When people think of distress, this is always what blows people’s minds. Most people think you missed one payment and it is like, “They’re going to come banging on my door and foreclose my house.” The loans that we see, at average delinquency, let’s say it is about five years. You got some that are 10 and some that are 2.
Fully delinquent for five years?
What kind of assets are these?
Most are single-family residential. We’ve got one that they haven’t made a payment in eleven years. They have so many loans that a lot of times, they stick them in a drawer and don’t do anything. They’re like, “We’re not going to spend any more money on this,” or whatever the case may be, or, “We’re going to put it out for sale.” The moment somebody puts it out for sale, they stop doing everything on it.
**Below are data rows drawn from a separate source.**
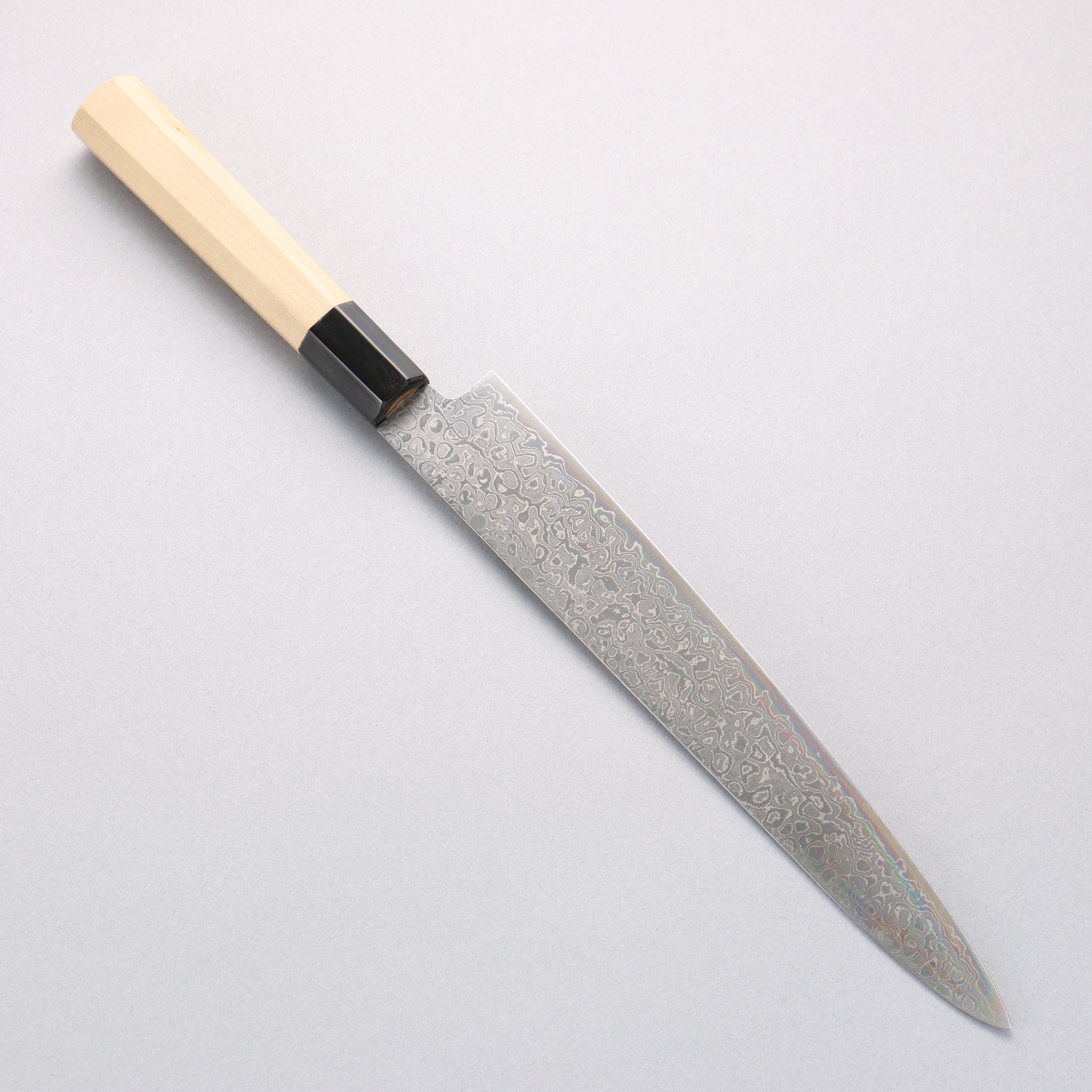 Misuzu AUS10 Damascus Migaki Finished Sujihiki 240mm Magnolia Handle - Japanny - Best Japanese Knife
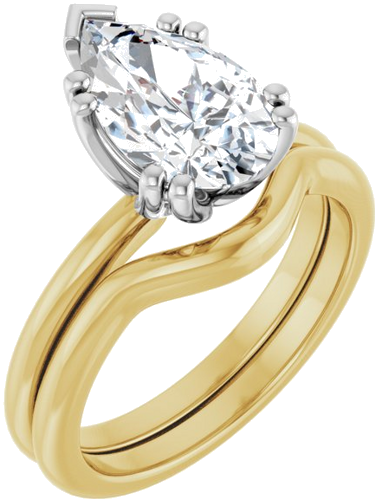 Sužadėtuvių Žiedas „Twin-Prong Octet® Solitaire“ 14k yellow/white gold Pear 11.5mm x 7mm (6)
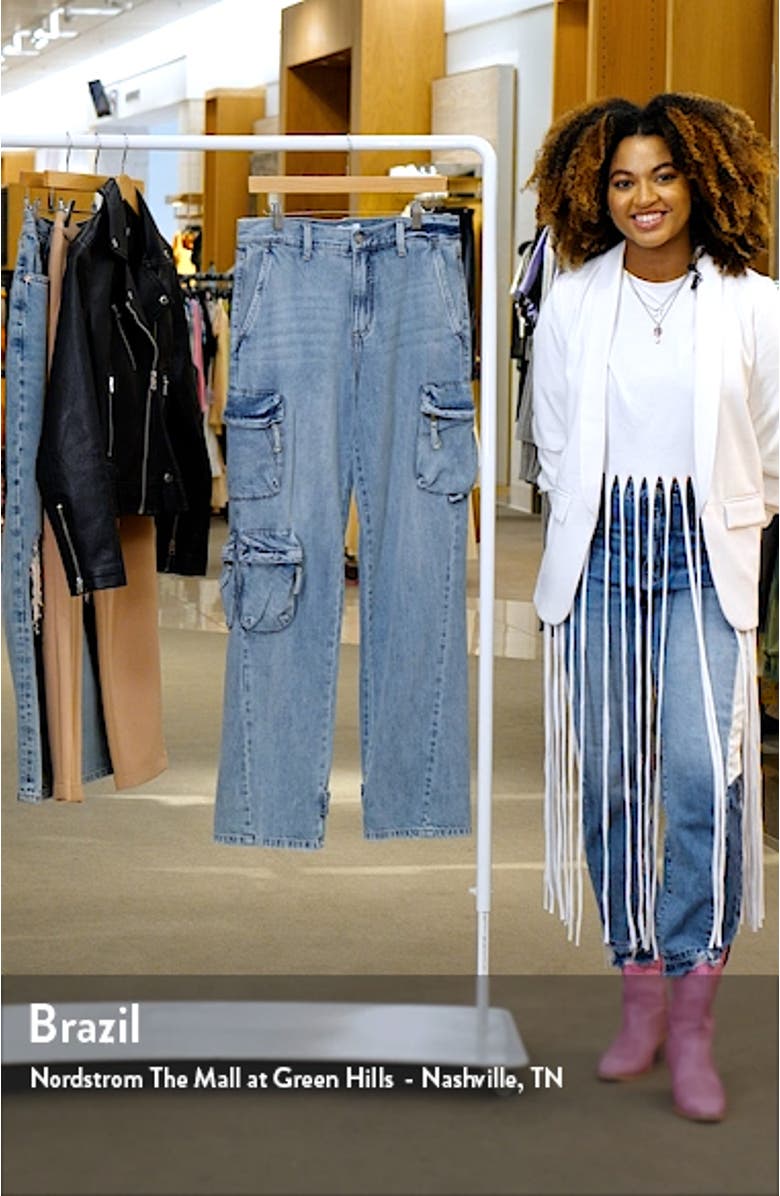 Bobbie Utility Ankle Cargo Jeans, sales video thumbnail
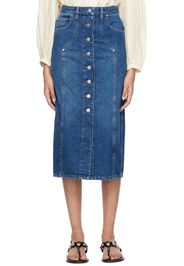 Isabel Marant Etoile Blue Vandy Denim Midi Skirt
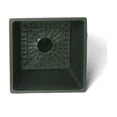 thumbnail image 2 of Valencia 10 In. X 20 In. Square Light Charcoal Plastic Planter With Self-Watering Tray, 2 of 3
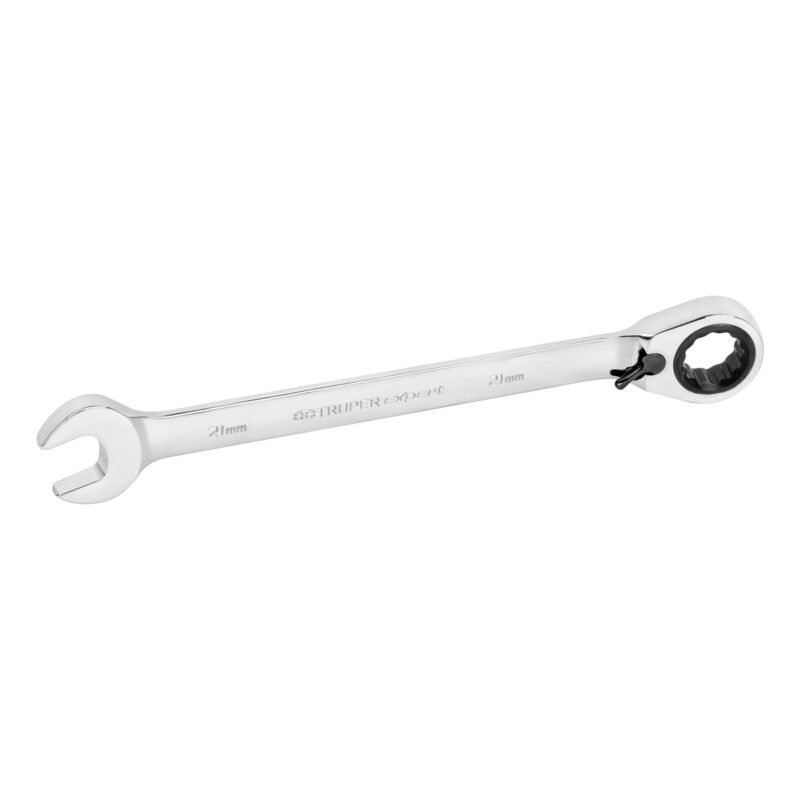 Código: 13758 Llave combinada matraca reversible 21mmx288 mm largo, Expert LL-2021MXR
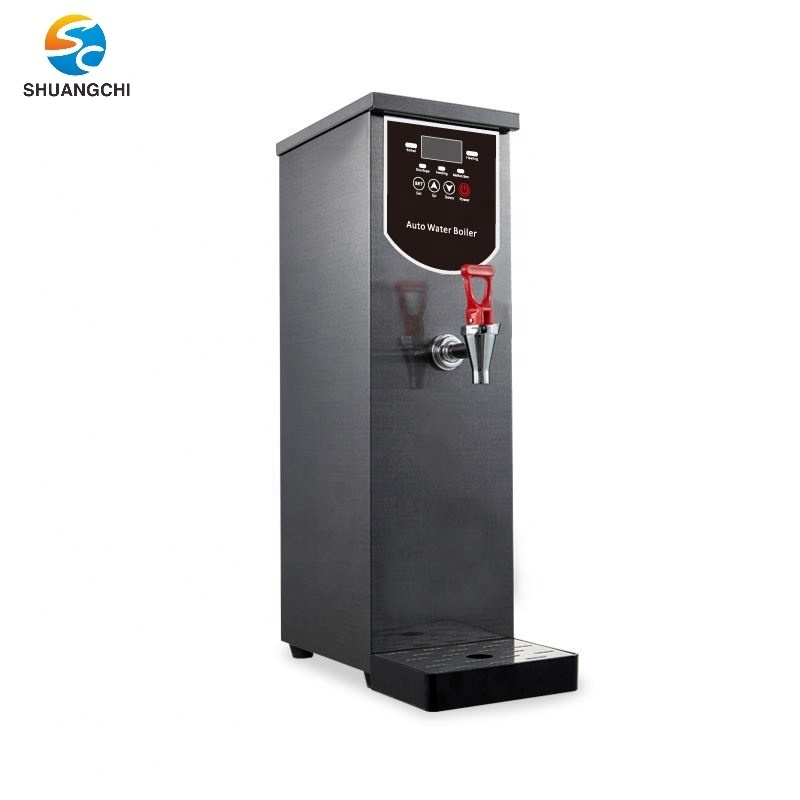 Electric hot water boiler commercial water dispenser bar counter milk tea water juicer heater stainless steel body for beverage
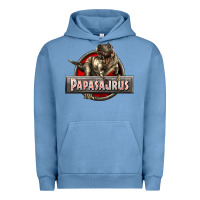 Pigment Pebble Blue Papasaurus T-Rex Urban Hoodie - LillyAllenDesigns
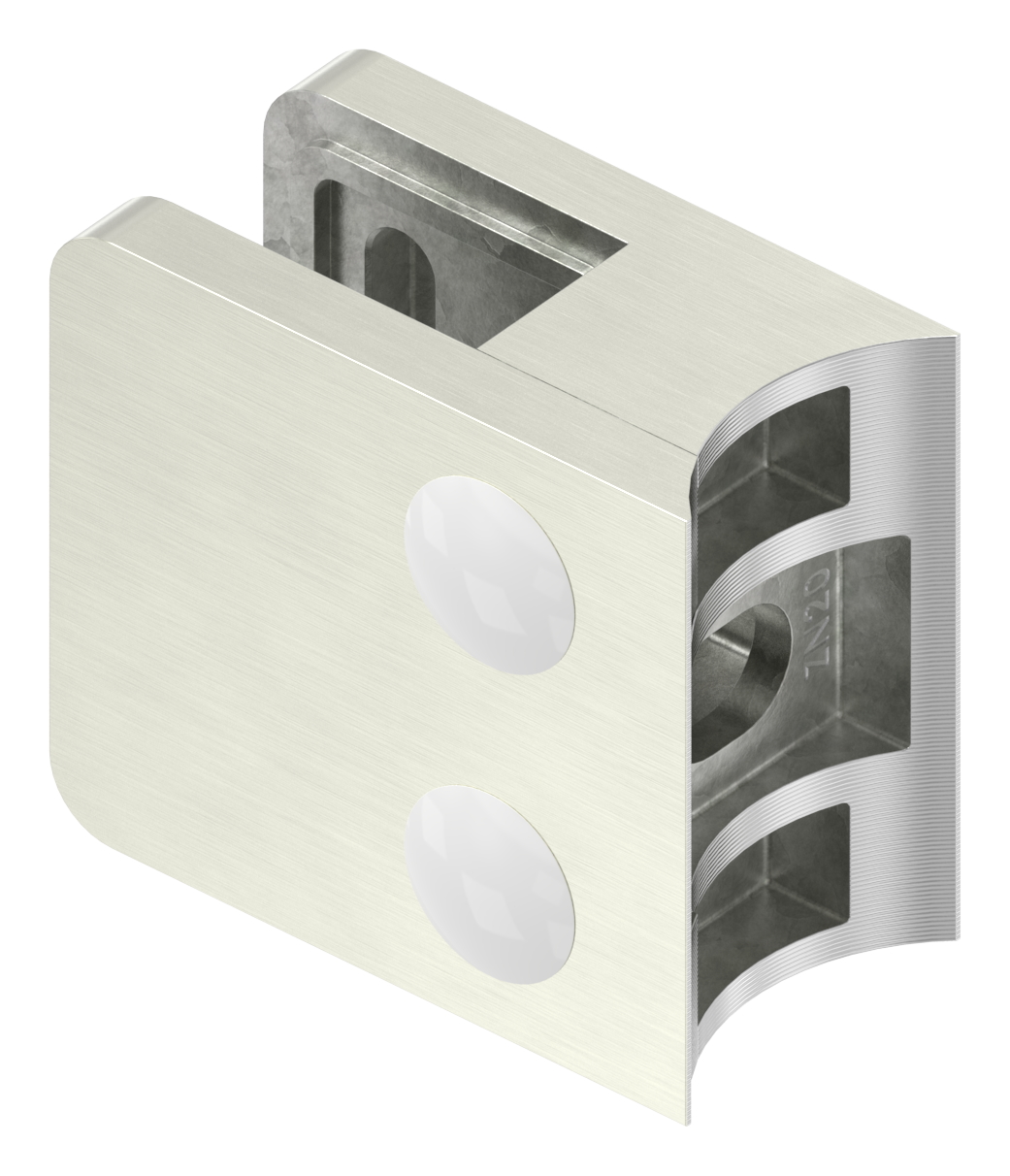 Glasklemme Mod. 11, Anschluss: 33,7mm, VA-Effekt Glasklemme Mod. 11, Anschluss: 33,7mm, VA-Effekt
It’s a lost cause at that point.
I always start with that because usually, people are like, “How can people go years without paying their mortgage?” They can. It blows people’s minds. The next question is, “Why would you buy something like that?” It’s because we can buy it at a significant discount. We always like to use the equivalent of buying a property that is dilapidated and needs a lot of work. You’re not paying the market rate for that property. You’re going to buy the property, try and rehab it, fix it up, and resell it.
A mortgage note is very similar. The only difference is you’re not rehabbing the property. You’re rehabbing the borrower. What we mean by that is we’re trying to get them on a new payment plan. We’re trying to get them to come to the table. You also buy it at a steep discount. You have more flexibility enabled to work some of the numbers.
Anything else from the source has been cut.